The Nightwing title has certainly flipped the script, the dark conflicted vibe of the first few issues involving Talon replaced by a more colorful and fun vibe as Nightwing begins his adventures in Bludhaven, as introduced in the last issue. That’s not to say the emotional quotient is low. As a reader I appreciated the flashback to “classic Batman and Robin” days, where the Defacer is revealed as a juvenile sidekick/underling of Pigeon, sentenced to some kind of youth detention after she is caught by Bats and Robin vandalizing famous monuments. Anybody with half a heart can feel a young Robin’s confusion at seeing somebody his age, a victim as much as a criminal. “It just doesn’t seem fair”, adolescent Robin says, seeing Defacer carted away in a police van.
Flash to the present and Defacer is certainly no shrinking violet or shy about telling Nightwing to take a hike. She runs a group called The Run-Off’s, a collection of ex-petty criminals caught by Batman, now expatriates of Gotham City, turning to a support group to try and confront the issues which led them down the criminal path. We see a catalogue of names and characters which may or may not be familiar to long time readers. Mouse. Giz. Thrilldevil. Stallion, after attacking Nightwing, only to get beaten back, mumbles “a clinched fist ain’t equal to open arms.” The black-and-white distinctions Nightwing sought don’t seem to be found in Bludhaven either. I personally find the change in locale interesting – it’s obvious what DC are trying to do by going back to basics with the Nightwing character and giving him a city which can “be his”, close to the Gotham universe and its catalogue of Bat-Family, but not too close.
In the meantime Nightwing’s investigation into Gorilla Grimm leads him to the street markets at night.

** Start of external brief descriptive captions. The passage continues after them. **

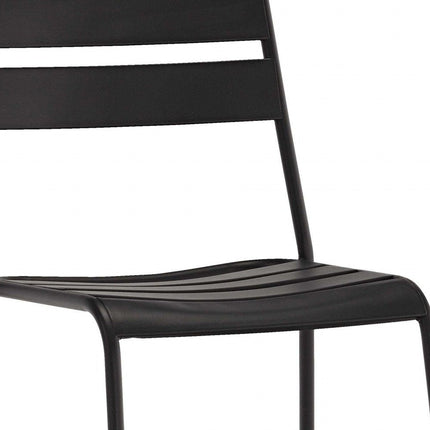 Set of Four Gray Faux Leather Dining Side Chairs HomeRoots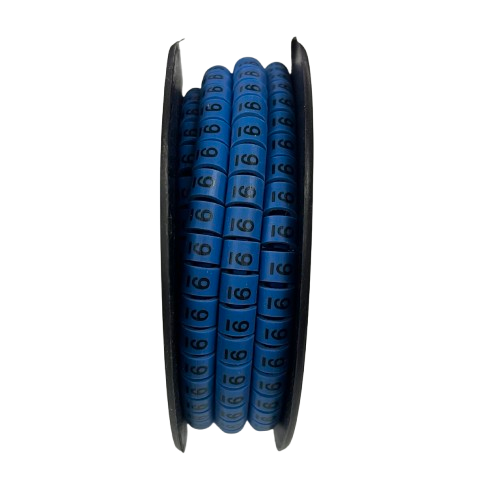 Grippes (9) Cable Marker 5.0mm to 7.2mm (350pcs) Blue    EC-3B(9)
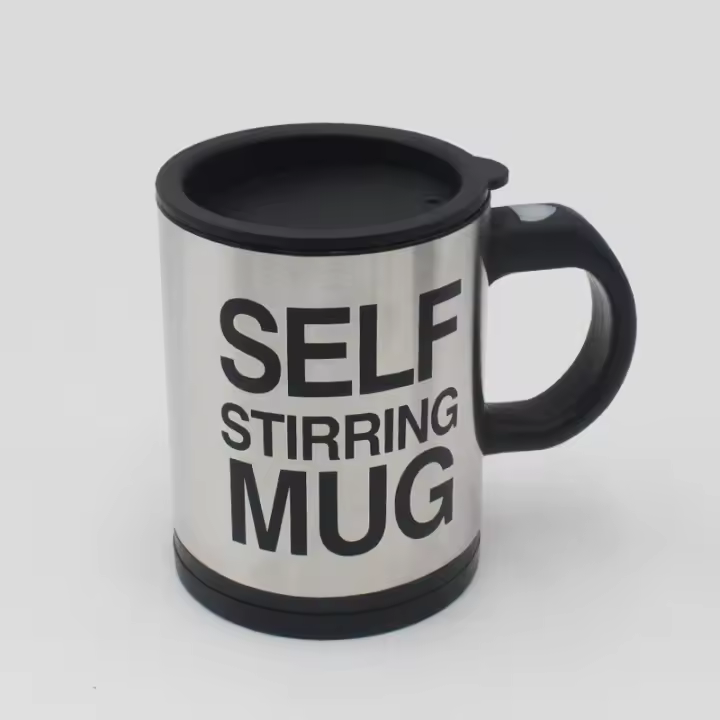 Taza agitadora de café eléctrica, taza de café automática, taza de café con leche agitadora automática, taza agitadora perezosa, taza magnética - 1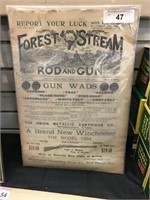 Antique 1895 Forest & Stream Rod & Gun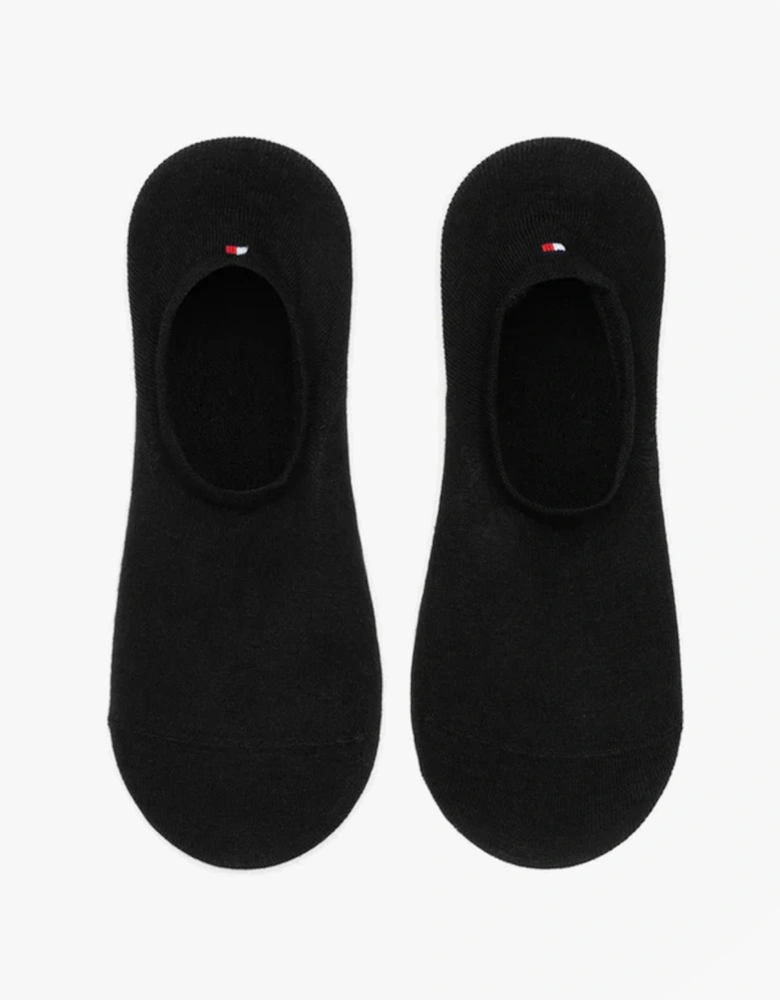 2 Pack Mens Invisible Socks Black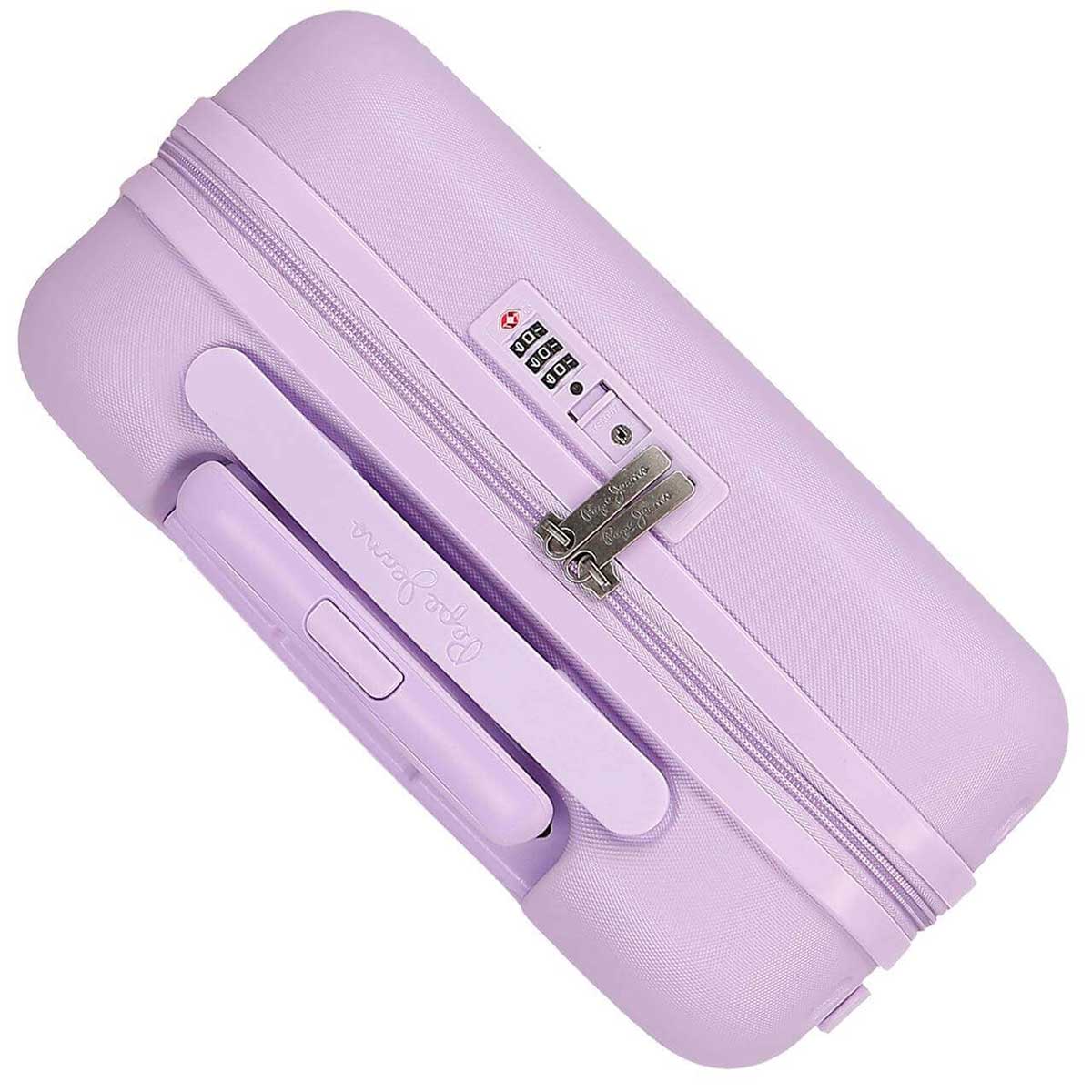 Koferi za putovanja 70cm i 55cm Pepe Jeans Accent pink 76995 - pogled 4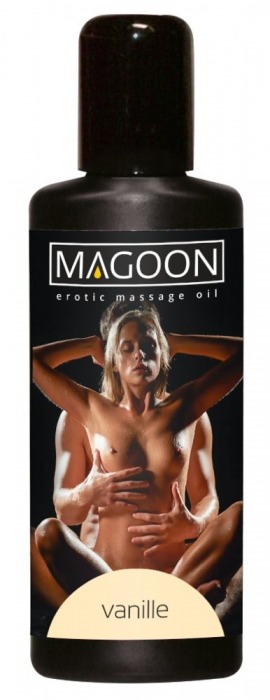 Массажное масло Magoon Vanille с ароматом ванили - 100 мл. - Orion - купить с доставкой во Владивостоке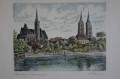Grafika Breslau - Wrocław widok na wyspę Piasek A. Remo !!!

Nightwing is quite a self-aware character here, conscious that he somehow wants Grimm to be found guilty in his investigation and not cleared, not found to be a victim of police corruption, because that will murky the city he has come to reside in, compromise Dick’s already stretched moral position. Investigations with the denizens of the markets track back to Grimm’s warehouse and evidence of a frame-up. Following this, we cut back to the brightly lit tourism bear office where we see Nightwing is being turned into the focal point of the next advertising campaign to encourage visitors to the city. At the same time Dick Grayson himself is still very much a questioning character, unsure of the rules of a city which had seemed to be a controllable quality but is turning into something else entirely.
We then cut to the developing relationship between Nightwing and Shawn Tsang aka Defacer, clearly being set up for some shipping potential. I can live with that! It’s an interesting relationship to consider, an angle that both of them come from highly controlling mentors that set the direction of their lives – obviously in Nightwing’s case that led to a more positive result but it has still left him unsure of the next step in life, lost in that eternal wasteland of the mid to late 20’s he seems to exist forever in. Shawn seems to appreciate his belief in Grimm’s innocence, and perhaps appreciates even more Nightwing’s realization he doesn’t have all the answers. Unfortunately for this budding couple, the police come and disrupt the party…
The word to describe this Nightwing run to this point is solid and improvising in character depth and I’m happy to award another four stars to this issue. Hop on fast kids, the fun is just starting on this title.